Data shown START
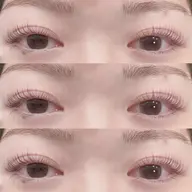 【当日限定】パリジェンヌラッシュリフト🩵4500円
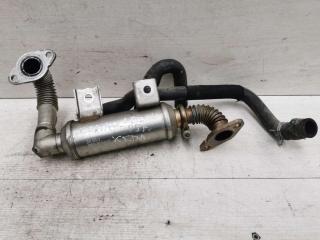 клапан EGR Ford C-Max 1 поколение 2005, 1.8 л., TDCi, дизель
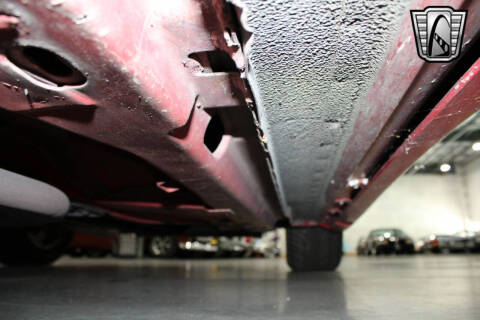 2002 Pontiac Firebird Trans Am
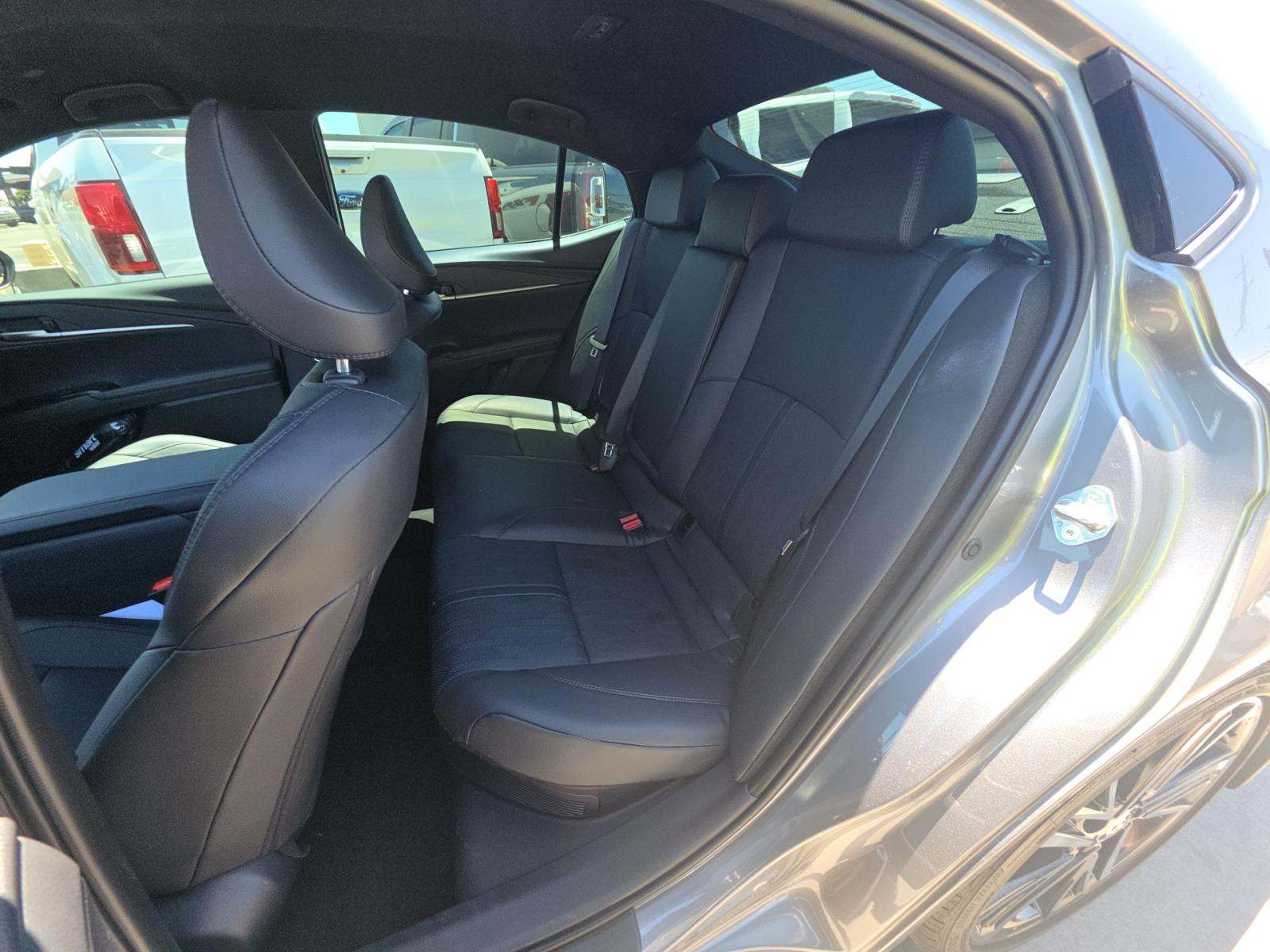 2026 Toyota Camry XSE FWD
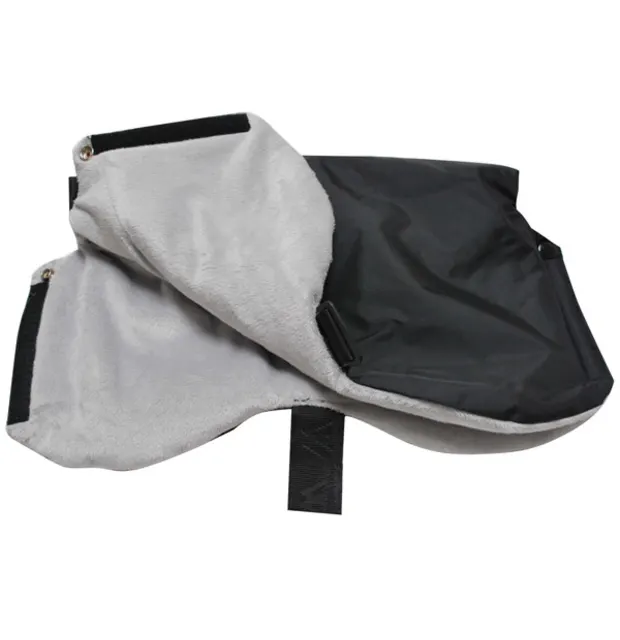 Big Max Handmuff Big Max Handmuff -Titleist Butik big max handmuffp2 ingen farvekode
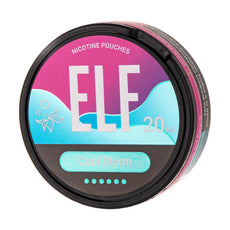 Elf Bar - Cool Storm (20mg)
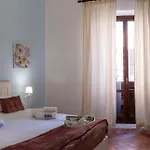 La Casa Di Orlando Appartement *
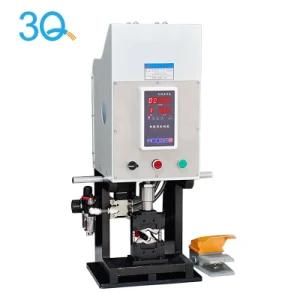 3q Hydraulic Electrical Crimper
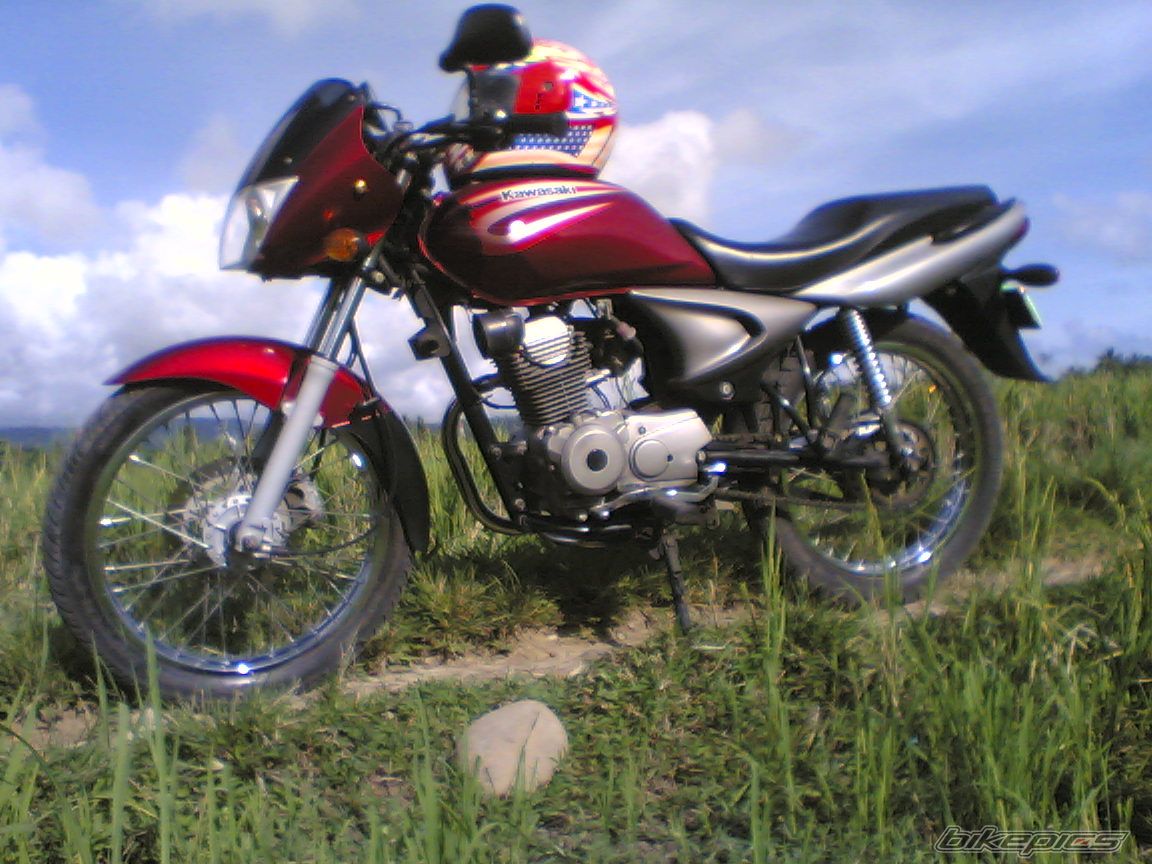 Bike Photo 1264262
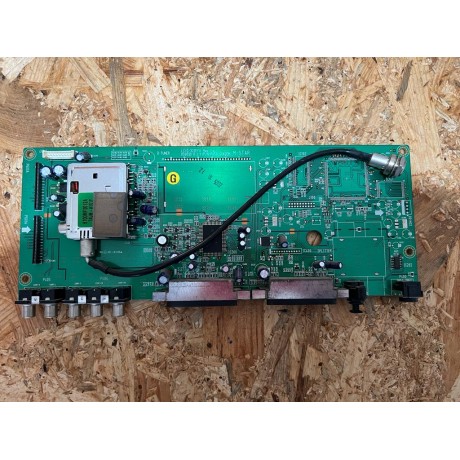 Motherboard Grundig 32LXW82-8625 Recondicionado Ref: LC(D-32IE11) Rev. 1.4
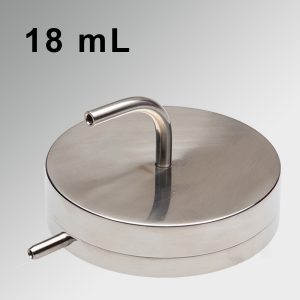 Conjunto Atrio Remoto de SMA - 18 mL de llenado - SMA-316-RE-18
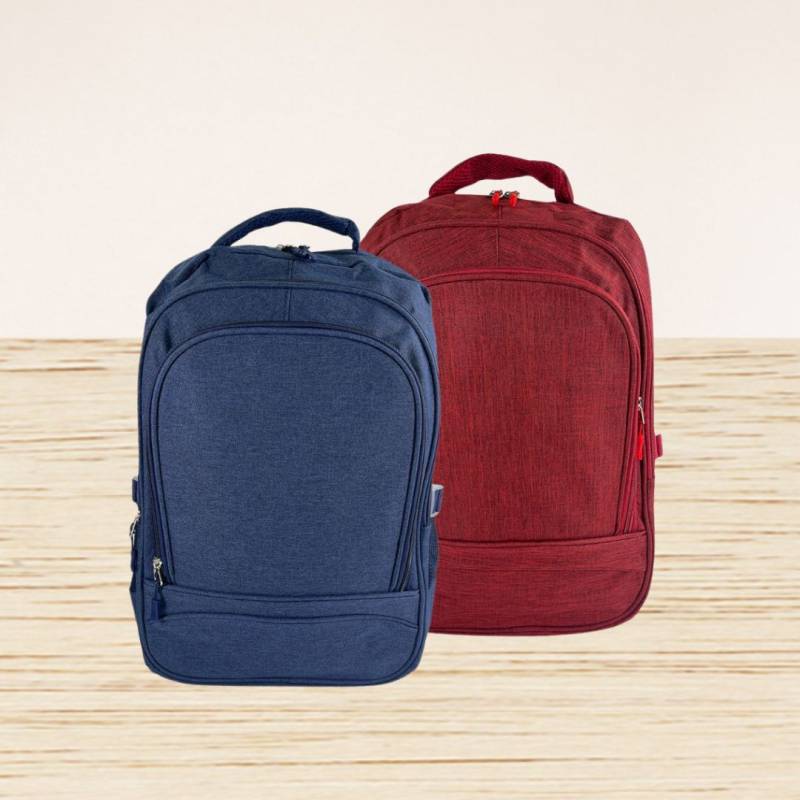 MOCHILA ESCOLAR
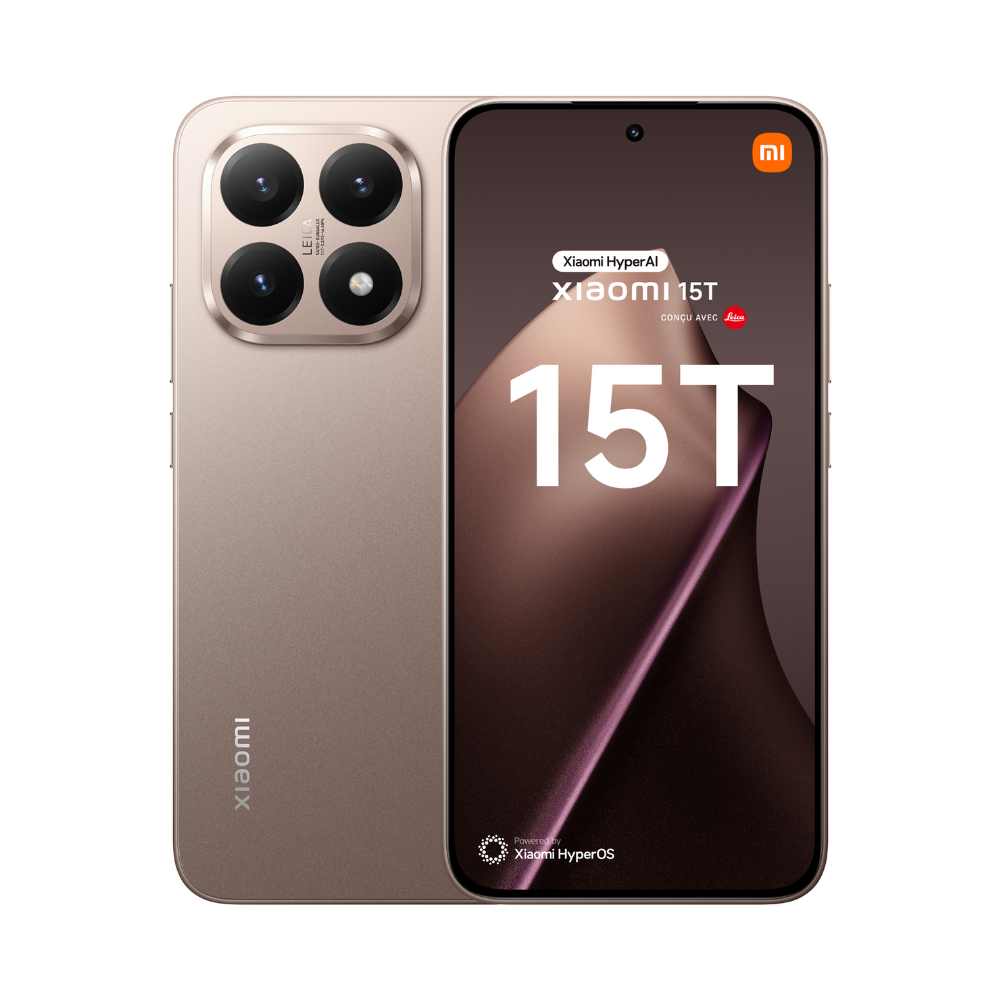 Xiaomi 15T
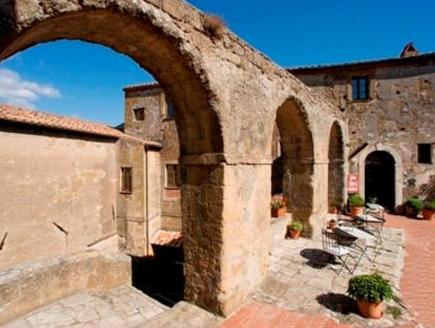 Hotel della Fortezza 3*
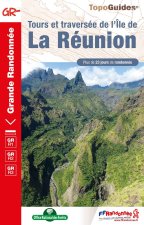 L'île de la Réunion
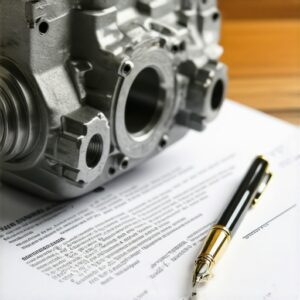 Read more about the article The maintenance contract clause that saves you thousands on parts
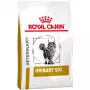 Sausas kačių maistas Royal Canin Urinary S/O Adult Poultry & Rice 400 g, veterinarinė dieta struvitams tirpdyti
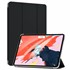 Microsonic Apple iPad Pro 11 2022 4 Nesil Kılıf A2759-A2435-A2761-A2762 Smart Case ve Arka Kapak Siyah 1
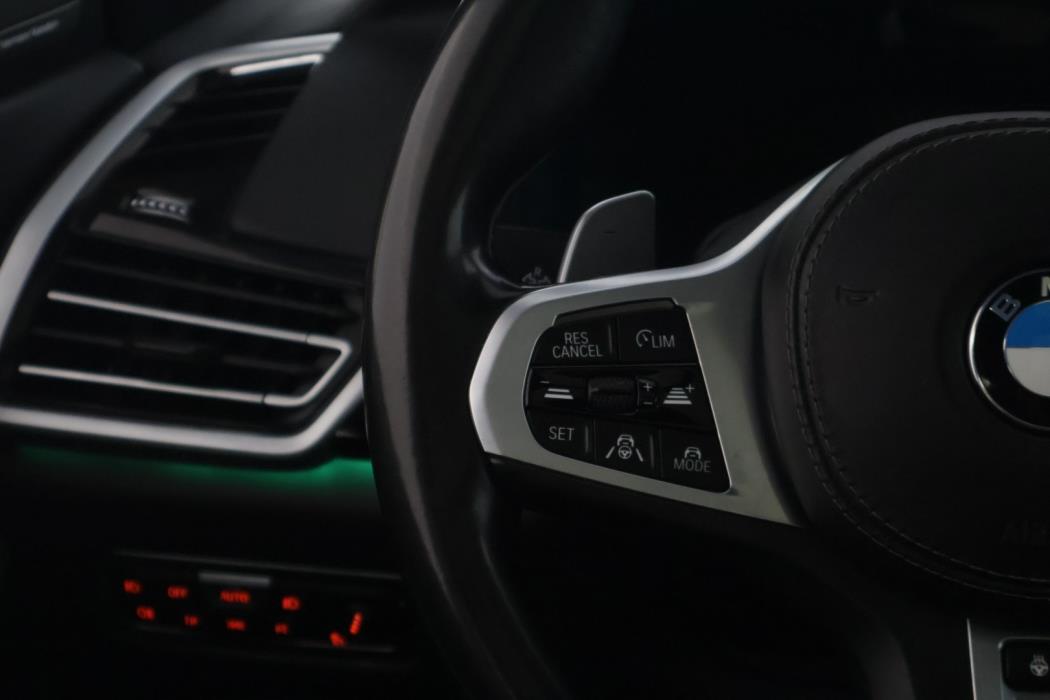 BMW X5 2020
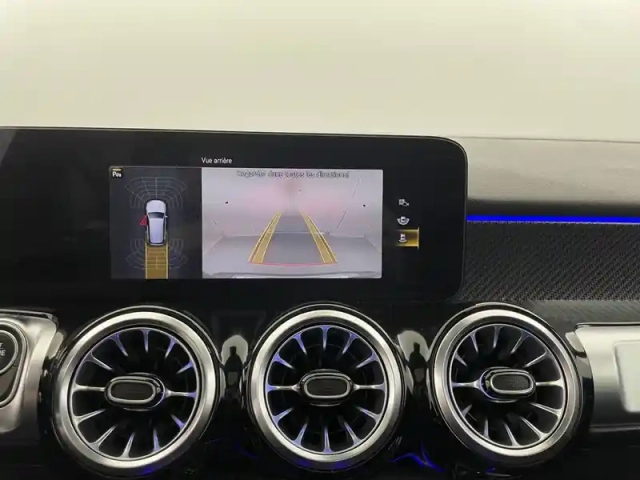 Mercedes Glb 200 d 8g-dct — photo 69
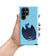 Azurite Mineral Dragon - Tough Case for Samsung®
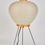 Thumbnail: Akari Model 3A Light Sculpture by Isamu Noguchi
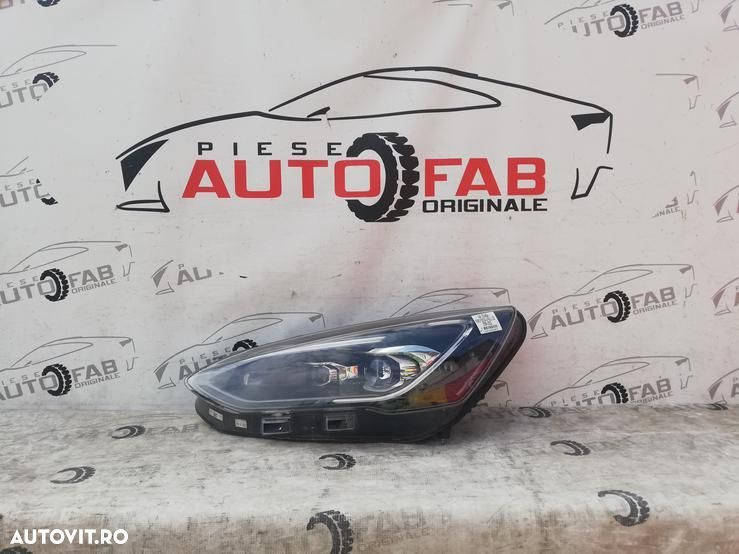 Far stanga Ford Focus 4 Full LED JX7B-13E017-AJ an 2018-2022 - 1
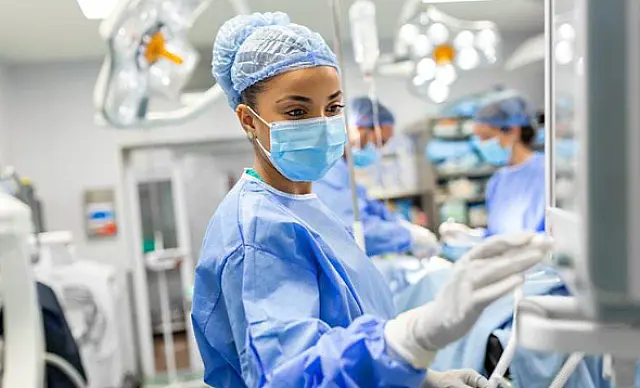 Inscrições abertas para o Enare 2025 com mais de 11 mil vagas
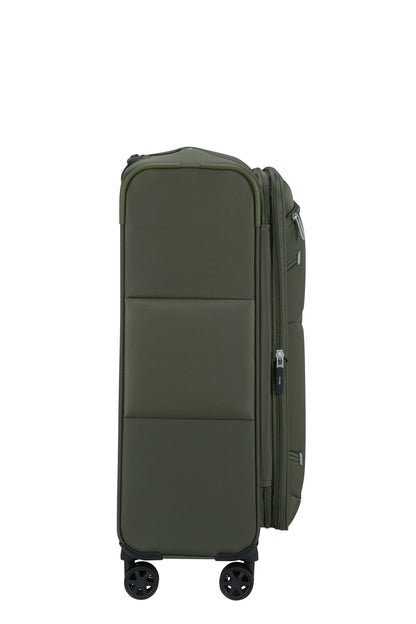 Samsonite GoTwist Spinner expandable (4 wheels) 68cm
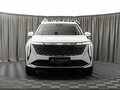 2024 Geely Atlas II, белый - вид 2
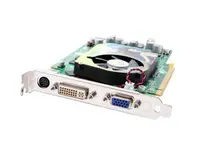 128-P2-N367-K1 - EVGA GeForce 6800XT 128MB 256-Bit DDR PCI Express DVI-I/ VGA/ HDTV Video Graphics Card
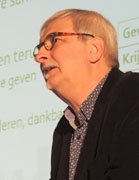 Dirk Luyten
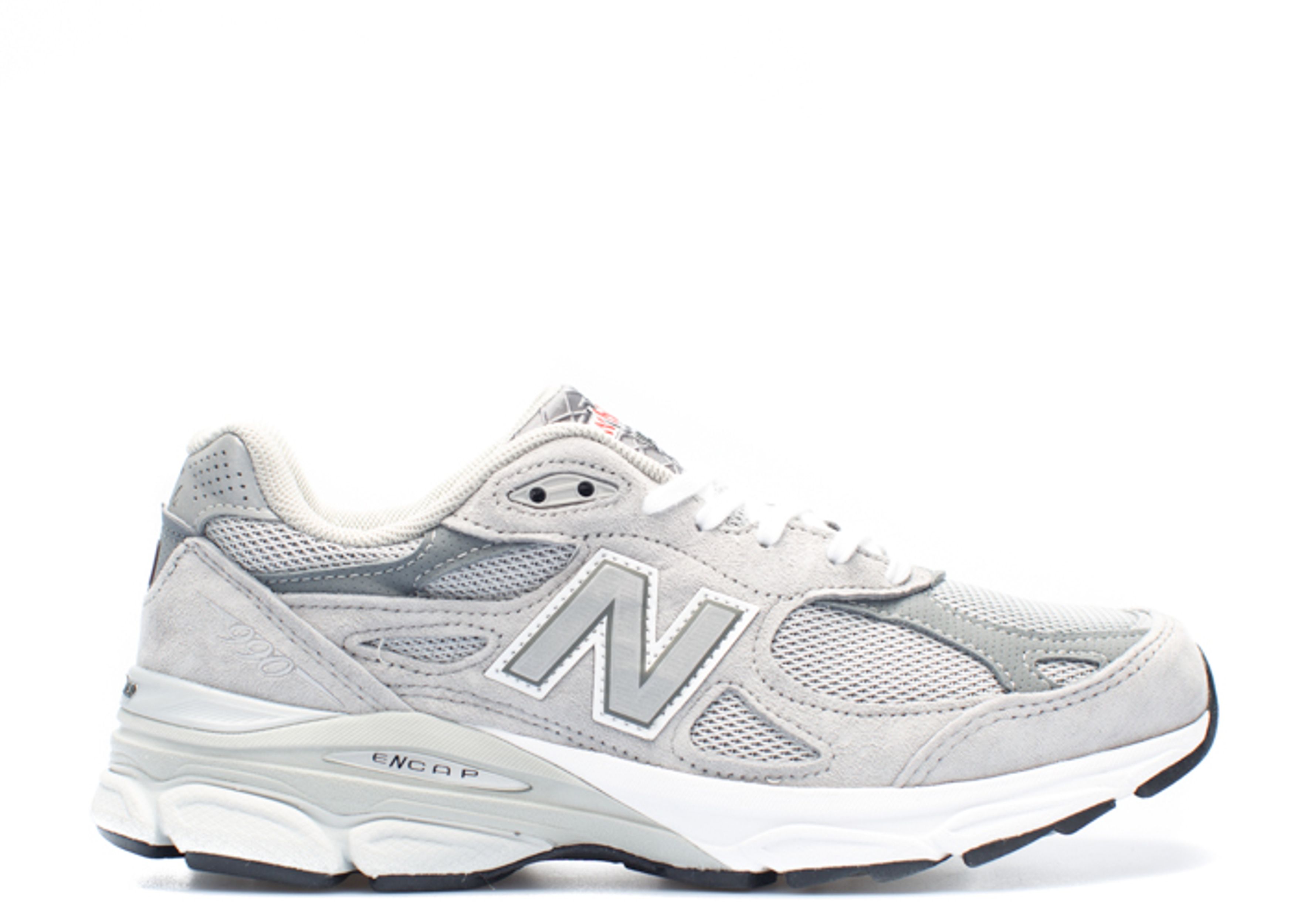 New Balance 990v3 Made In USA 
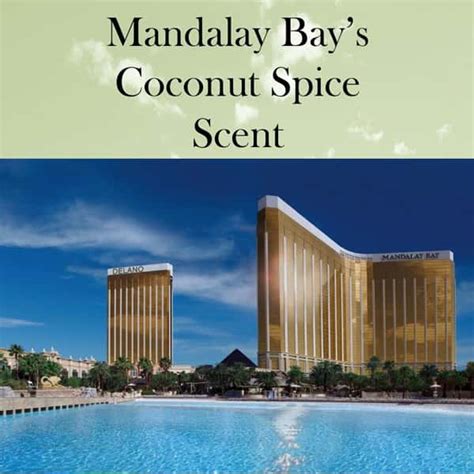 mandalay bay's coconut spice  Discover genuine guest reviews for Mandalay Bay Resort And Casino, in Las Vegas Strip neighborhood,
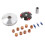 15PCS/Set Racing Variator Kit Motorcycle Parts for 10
Data shown END
Assignment: Exactly the lines from the one that contains "Mercedes Glb 200 d 8g-dct — photo 69" to the last line of the data, both included, should be set down, and no pictures should appear among them.

Result of the exercise:
 Mercedes Glb 200 d 8g-dct — photo 69
 Azurite Mineral Dragon - Tough Case for Samsung®
 Thumbnail: Akari Model 3A Light Sculpture by Isamu Noguchi
 Far stanga Ford Focus 4 Full LED JX7B-13E017-AJ an 2018-2022 - 1
 Inscrições abertas para o Enare 2025 com mais de 11 mil vagas
 Samsonite GoTwist Spinner expandable (4 wheels) 68cm
 2024 Geely Atlas II, белый - вид 2
 128-P2-N367-K1 - EVGA GeForce 6800XT 128MB 256-Bit DDR PCI Express DVI-I/ VGA/ HDTV Video Graphics Card
 Dirk Luyten
 New Balance 990v3 Made In USA 
 mandalay bay's coconut spice  Discover genuine guest reviews for Mandalay Bay Resort And Casino, in Las Vegas Strip neighborhood,
 15PCS/Set Racing Variator Kit Motorcycle Parts for 10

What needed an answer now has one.